Instado o Ministério Público Federal. É o breve relatório. DECIDO.

No tocante à requisição de nova perícia pela parte autora em 30.08.2017 (evento n. 30), em que pese a indicação feita pelo perito no laudo apresentado em 26.07.2017 (evento n. 21) entendo ser desnecessária a realização de nova perícia, visto que a autora não apresentou qualquer prontuário médico afeto à especialidade médica indicada, não havendo, por conseguinte, elementos suficientes para a realização de nova perícia médica na especialidade de Ortopedia. Prossiga-se.

Conheço do processo em seu estado, para julgar antecipadamente o mérito, nos termos do artigo 355, I, do CPC/2016, diante da desnecessidade de mais provas, em audiência ou fora dela, para a formação da convicção deste Juízo; de modo a restar em aberto apenas questões de direito.

Quanto às preliminares suscitadas pelo INSS, afasto as. Refuto a preliminar de incompetência pelo valor da causa, posto que não restou demonstrada a ultrapassagem do limite estabelecido para determinação da competência do JEF. Em igual modo, rejeito a preliminar de impossibilidade jurídica de cumulação de benefícios, porquanto não demonstrado pelo INSS que a parte autora percebe atualmente benefício da Previdência Social. Afasto também a prejudicial de mérito de prescrição quinquenal, tendo em vista que entre a data de indeferimento do benefício e a data de propositura da ação não decorreram 5 anos.

No mérito.

O benefício de prestação continuada de um salário mínimo foi assegurado pela Constituição federal nos termos do artigo 203, no sentido de

que será ela prestada a quem dela necessitar, independentemente de contribuição à seguridade social, tendo por objetivo a garantia de um salário mínimo de benefício mensal à pessoa portadora de deficiência e ao idoso que comprovem não possuir meios de prover à própria manutenção ou de tê-la provida por sua família, conforme dispuser a lei.
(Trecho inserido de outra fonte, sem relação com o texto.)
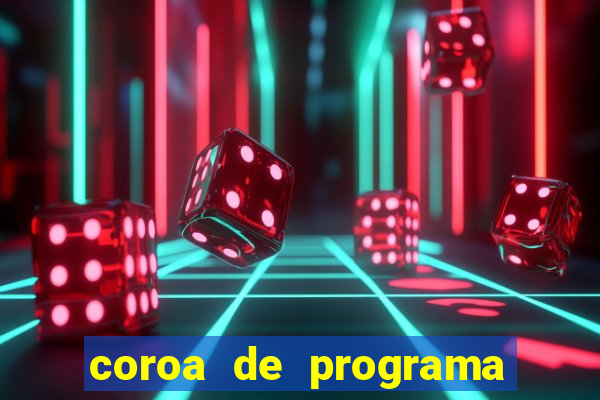 coroa de programa em santos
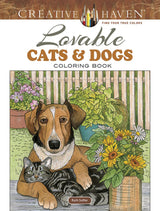 Creative Haven Lovable Cats and Dogs Coloring Book: Relax & Unwind with 31 Stress-Relieving Illustrations (Adult Coloring Books: Pets) Dover Publications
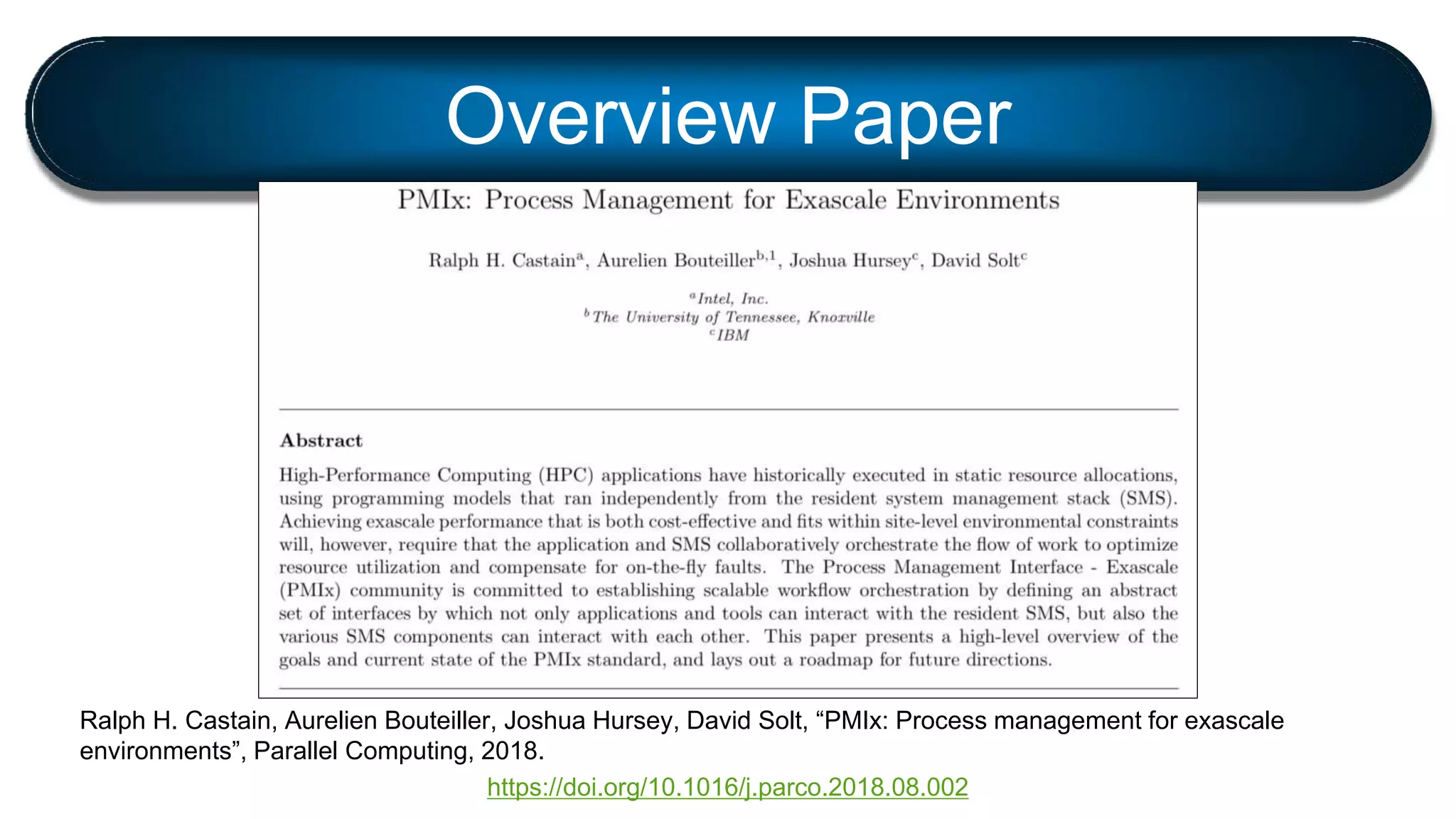 Ralph H. Castain, Aurelien Bouteiller, Joshua Hursey, David Solt, “PMIx: Process management for exascale
environments”, Parallel Computing, 2018.
https://doi.org/10.1016/j.parco.2018.08.002
Overview Paper
 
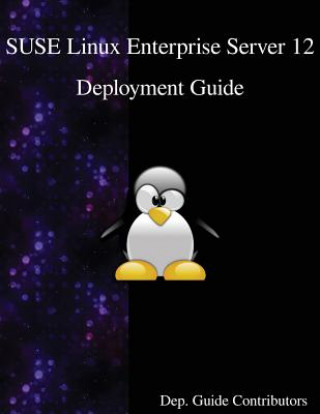 Suse Linux Enterprise Server 12 - Deployment Guide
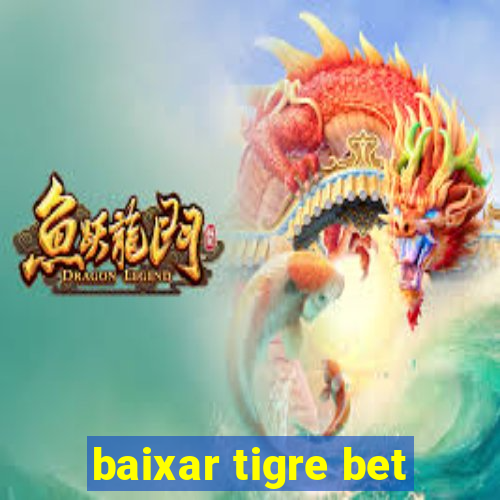 baixar tigre bet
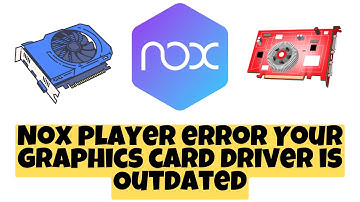 How to fix Nox player error Your graphics card driver is Outdated Windows 11 / 10 / 8 / 7 ✅ 2023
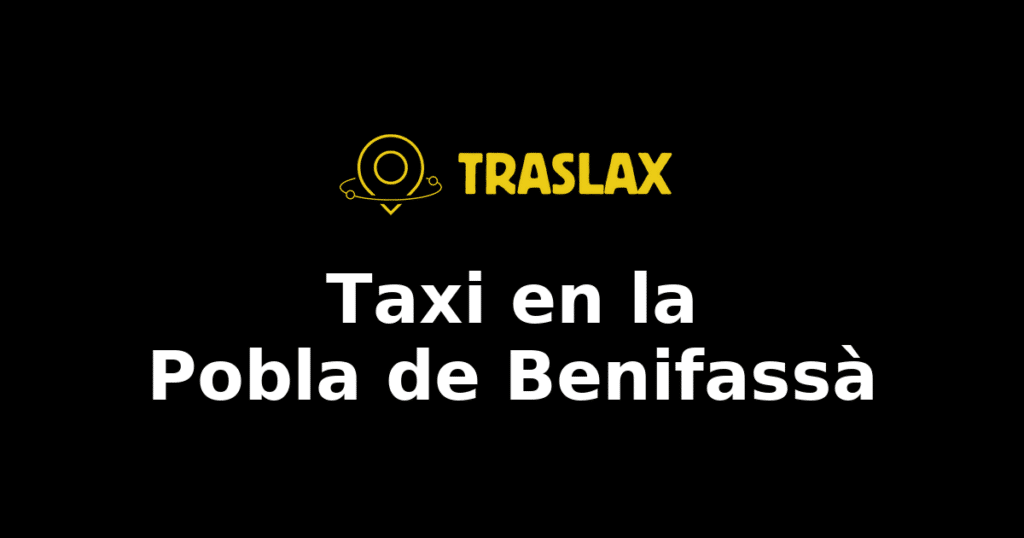 Taxi y traslado en la Pobla de Benifassà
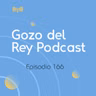 Gozo del Rey Podcast 166 Matthew 24:44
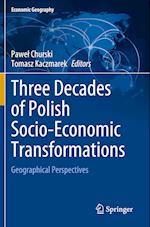 Three Decades of Polish Socio-Economic Transformations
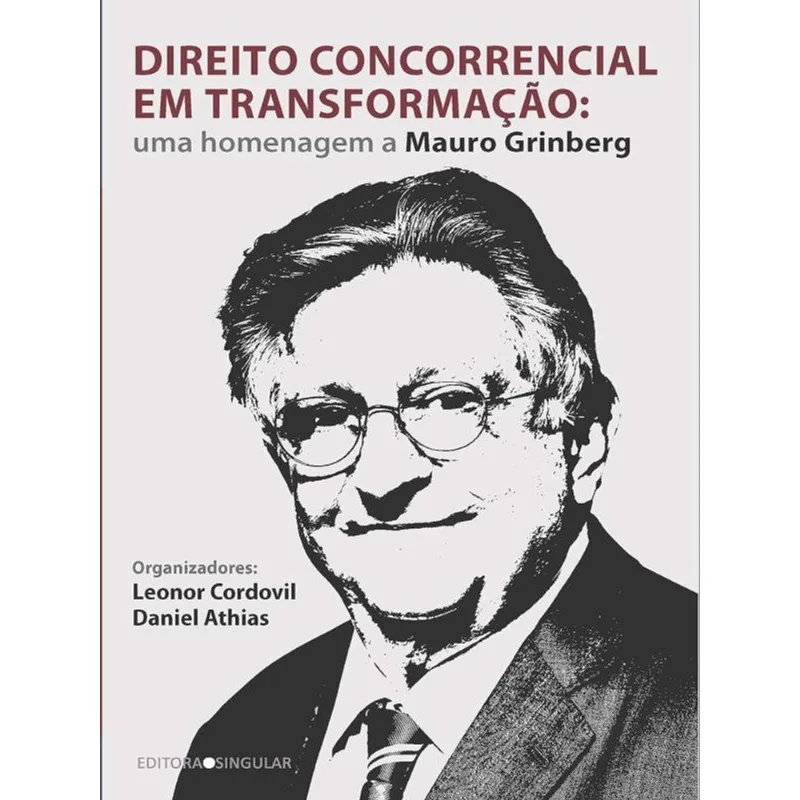 DIREITO CONCORRENCIAL EM TRANSFORMAÇÃO - 2020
A Lei nº 8.742, de 07.12.93, com suas posteriores complementações e alterações, regulamenta a referida norma constitucional, estabelecendo em seu artigo 20 e seguintes os conceitos do benefício em questão. Já no artigo 20 fixa os requisitos para a concessão do benefício, sendo

eles ser a pessoa portadora de deficiência ou idosa com pelo menos 65 (sessenta e cinco) anos de idade, a partir de 1º de outubro de 2003, ou mais, conforme artigo 38 da mesma legislação e o artigo 33 da Lei 10.741/03; e não possuir condições de prover a própria manutenção nem de tê-la provida por sua família. Regulamentando o comando constitucional, a Lei nº 8.742/93 (LOAS) traçou os requisitos para a obtenção do benefício, a saber: i) deficiência ou idade superior a 65 anos; e ii) hipossuficiência individual ou familiar para prover sua subsistência.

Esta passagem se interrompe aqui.